In addition to its humor and adventure, the film combines dimensions in music,
dance and martial arts. Motown also had released an original soundtrack album,
featuring songs from the movie by popular artists including Stevie Wonder, Rockwell,
DeBarge, the Temptations, Smokey Robinson & Syreeta, and Vanity.
There were casting
requirements that made it necessary for its creators to look beyond the Hollywood
mainstream for its principal players, "Berry Gordy,s THE LAST DRAGON" tells
the story of the deceptively gentle Leroy Green, a black youth devoted to the
arts, spirit and legend of his hero, Bruce Lee, and of the two guys out there
looking for him, eager physically or psychologically to demolish him.
One of them is on the streets, Sho'nuff tall and mean -- whose reason for wanting
to take out Leroy is simple, if simple-minded; the other is Eddie Arkadian --
short and mean -- king of the video emporiums, who has a more bizarre motive
for wanting to see Leroy wasted.
Early in THE LAST DRAGON, the Master, played brilliantly by Thomas Ikeda, rips
the dragon emblem from Leroy's jacket. Shocked, Leroy assumes the worst and
falls to his knees at the Master's feet. Removing the emblem was not a punishment,
the Master tells him, but a celebration.
The Master has perceived that Leroy has touched the final level -- not arrived
there yet, but touched it, the level beyond the dragon, beyond excellence. When
he reaches the final level, the Master tells Leroy he will know it by the appearance
of a sublime glow all over his body. "To reach it is not so simple. But it is
now within your grasp." The Master, however, is unable to help him further.

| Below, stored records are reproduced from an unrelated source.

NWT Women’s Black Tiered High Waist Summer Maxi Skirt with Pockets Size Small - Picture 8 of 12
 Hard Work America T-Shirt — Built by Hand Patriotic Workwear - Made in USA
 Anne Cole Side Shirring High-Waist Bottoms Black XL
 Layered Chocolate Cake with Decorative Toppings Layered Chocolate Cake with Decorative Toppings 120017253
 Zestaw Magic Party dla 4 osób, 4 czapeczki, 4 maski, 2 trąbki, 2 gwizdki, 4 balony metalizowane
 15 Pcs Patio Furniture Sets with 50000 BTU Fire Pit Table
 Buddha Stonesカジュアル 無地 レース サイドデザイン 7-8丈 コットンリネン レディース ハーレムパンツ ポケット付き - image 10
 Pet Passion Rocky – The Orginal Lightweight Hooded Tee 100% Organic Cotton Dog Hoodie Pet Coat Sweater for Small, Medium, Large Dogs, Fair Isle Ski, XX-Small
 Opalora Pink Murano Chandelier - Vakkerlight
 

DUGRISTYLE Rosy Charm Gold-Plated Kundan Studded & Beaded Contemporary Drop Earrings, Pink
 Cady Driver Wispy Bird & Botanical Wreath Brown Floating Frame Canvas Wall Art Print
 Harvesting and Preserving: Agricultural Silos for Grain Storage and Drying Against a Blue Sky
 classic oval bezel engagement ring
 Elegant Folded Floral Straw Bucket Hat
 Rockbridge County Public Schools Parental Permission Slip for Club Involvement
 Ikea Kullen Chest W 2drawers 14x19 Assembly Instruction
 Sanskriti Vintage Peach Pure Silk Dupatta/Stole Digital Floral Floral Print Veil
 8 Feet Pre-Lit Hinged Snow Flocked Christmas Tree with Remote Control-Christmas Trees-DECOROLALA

Zen, according to Joe Hyams, the author of Zen in the Martial Arts, has no theory;
it is an inner knowing for which there is no clearly stated dogma. "The point
of achieving proficiency in any martial art is to be able to walk away from
a fight rather than to win it," a precept that Leroy in "Berry Gordy's THE LAST
DRAGON" tries desperately to follow.
The film's cast is a melting pot of ethnic types, white, black, and Chinese,
including three Sum Dum Goy Chinese fortune cookie-factory youths so into "The
Harlem Look" that they think they're black.
The film is a breakthrough in several areas: its use of video as adapted to
the motion picture camera and in its digita recording of sound. Charles Anzalone,
the film's video consultant whose company, Interfacer, built to specification
the video equipment used in the film, explains:
| "We used a million dollars worth of video equipment. We used three professional Sony Betacam players, the only three of their kind in the world, especially developed for THE LAST DRAGON. We had to modify the transmission of the video in order to accommodate the filming of the video sections in the film, all that work with Vanity in the Seventh Heaven sequences. This took months of intensive research and development." |
Anzalone
adds, "It's very sophisticated. You can't put a price on it, it's all so new
The process of digitally recorded sound is a little more difficult to describe
than is the video-to-film process detailed above. Sound mixer Dennis Maitland
says, "The opposite of digital is analog, and that's how sound has been recorded
heretofore." The process of digital recording allows much more subtlety and
selection in the recording of sound, and in the later editing-in or editing-out
of unwanted sound
It is also undoubtedly a first in introducing in its starring roles two newcomers
each of whom bears a solitary name, Taimak and Vanity.
As
is tradition at fast-rewind's websites, we can now exclusively reveal the actual
filming locations used in the movie...
The film began production on exclusive New York City locations on April 16,
1984.
These include:
The Victory Theater on 42nd Street which was used for
the scene where Sho-Nuff interrupts the viewing of Enter the Dragon.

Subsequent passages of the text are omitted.